Paris-Roubaix 2024. La trouée d'Arenberg : des pavés aussi mythiques que dangereux qui font la légende de l'Enfer du Nord

L'histoire du dimanche - La célèbre tranchée, au pavement biscornu, n’a pas toujours été en odeur de sainteté sur l'Enfer du Nord. Jugée trop dangereuse par certains coureurs, elle aurait pu être retirée après son inauguration, en 1968. Mais l'histoire en a voulu autrement. Récit. (Article publié une première fois le 17 avril 2022).

Trop sale, trop glissante, trop dangereuse… En 2005, la trouée d’Arenberg disparaît du parcours de la 103e édition de l'Enfer du Nord. La nouvelle fait vivement réagir. "Paris-Roubaix sans la tranchée d'Arenberg, c'est comme un Vendée Globe sans les icebergs", gronde Marc Madiot, le dirigeant de la FDJ, dans les colonnes de Nord-Eclair. "Le sort de Paris-Roubaix ne dépend pas de Wallers. Ce sera aussi fort sans la tranchée qu'avec", rétorque Christian Palka, ancien coureur et chroniqueur sportif sur les ondes de France Bleu Nord.

La tranchée est plus importante par l’image qu’elle dégage que par son intérêt sportif.

Thierry Gouvenou, directeur de course du Paris-Roubaix

Si l’année suivante le secteur réapparaît sur le tracé, le débat n'est pas mort.

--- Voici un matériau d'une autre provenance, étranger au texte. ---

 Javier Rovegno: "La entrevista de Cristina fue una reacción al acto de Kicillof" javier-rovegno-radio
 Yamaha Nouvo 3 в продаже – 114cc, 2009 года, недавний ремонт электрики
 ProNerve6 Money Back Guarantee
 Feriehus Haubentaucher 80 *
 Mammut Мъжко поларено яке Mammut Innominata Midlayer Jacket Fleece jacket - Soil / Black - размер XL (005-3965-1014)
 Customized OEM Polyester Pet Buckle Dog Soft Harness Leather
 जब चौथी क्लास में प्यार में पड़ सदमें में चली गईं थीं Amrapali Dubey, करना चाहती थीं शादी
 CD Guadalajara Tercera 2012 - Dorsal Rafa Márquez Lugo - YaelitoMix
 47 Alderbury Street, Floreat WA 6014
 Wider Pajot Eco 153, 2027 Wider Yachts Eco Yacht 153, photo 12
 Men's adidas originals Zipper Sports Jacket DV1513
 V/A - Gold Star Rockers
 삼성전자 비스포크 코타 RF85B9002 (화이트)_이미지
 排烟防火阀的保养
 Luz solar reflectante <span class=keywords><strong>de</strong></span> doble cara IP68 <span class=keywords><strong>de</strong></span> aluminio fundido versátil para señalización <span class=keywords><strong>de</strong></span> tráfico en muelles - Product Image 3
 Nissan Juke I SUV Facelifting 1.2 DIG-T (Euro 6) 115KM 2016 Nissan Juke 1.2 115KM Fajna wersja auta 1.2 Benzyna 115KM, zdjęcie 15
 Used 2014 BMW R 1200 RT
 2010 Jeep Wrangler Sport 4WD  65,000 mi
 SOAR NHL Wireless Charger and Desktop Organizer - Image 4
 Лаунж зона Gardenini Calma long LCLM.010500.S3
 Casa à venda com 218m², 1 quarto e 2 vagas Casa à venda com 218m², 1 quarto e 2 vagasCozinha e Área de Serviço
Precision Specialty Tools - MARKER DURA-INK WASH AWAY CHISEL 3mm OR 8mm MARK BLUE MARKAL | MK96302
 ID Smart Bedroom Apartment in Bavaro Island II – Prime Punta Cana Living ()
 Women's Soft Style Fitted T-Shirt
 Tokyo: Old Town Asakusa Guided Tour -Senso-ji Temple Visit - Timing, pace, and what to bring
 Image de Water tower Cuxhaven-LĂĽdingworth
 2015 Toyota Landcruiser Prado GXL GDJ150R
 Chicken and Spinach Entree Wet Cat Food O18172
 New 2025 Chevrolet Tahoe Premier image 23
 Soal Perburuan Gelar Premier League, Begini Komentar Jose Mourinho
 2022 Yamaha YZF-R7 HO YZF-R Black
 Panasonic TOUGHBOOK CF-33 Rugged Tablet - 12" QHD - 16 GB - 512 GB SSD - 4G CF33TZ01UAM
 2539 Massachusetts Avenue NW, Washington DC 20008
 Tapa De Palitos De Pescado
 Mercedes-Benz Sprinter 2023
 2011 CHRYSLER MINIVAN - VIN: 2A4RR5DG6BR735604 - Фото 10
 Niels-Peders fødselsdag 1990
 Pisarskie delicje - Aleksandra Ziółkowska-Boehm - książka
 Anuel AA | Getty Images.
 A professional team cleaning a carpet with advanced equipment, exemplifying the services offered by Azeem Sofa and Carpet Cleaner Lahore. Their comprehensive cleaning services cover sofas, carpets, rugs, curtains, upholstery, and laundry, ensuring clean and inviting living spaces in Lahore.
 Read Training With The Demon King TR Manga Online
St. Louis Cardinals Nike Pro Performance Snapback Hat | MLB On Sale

Et continue d'opposer passion et raison. "La tranchée est plus importante par l’image qu’elle dégage que par son intérêt sportif, considère Thierry Gouvenou, l'actuel directeur de course. Personnellement, ça ne me poserait pas de problème de ne pas l’avoir sur le parcours." Mais les années ont transformé cette route en totem, et y toucher tiendrait du blasphème pour certains. "Il y a des pressions de la part des collectivités, surtout, pour qui la tranchée est symbolique et indispensable. Ils ne veulent pas la voir disparaître."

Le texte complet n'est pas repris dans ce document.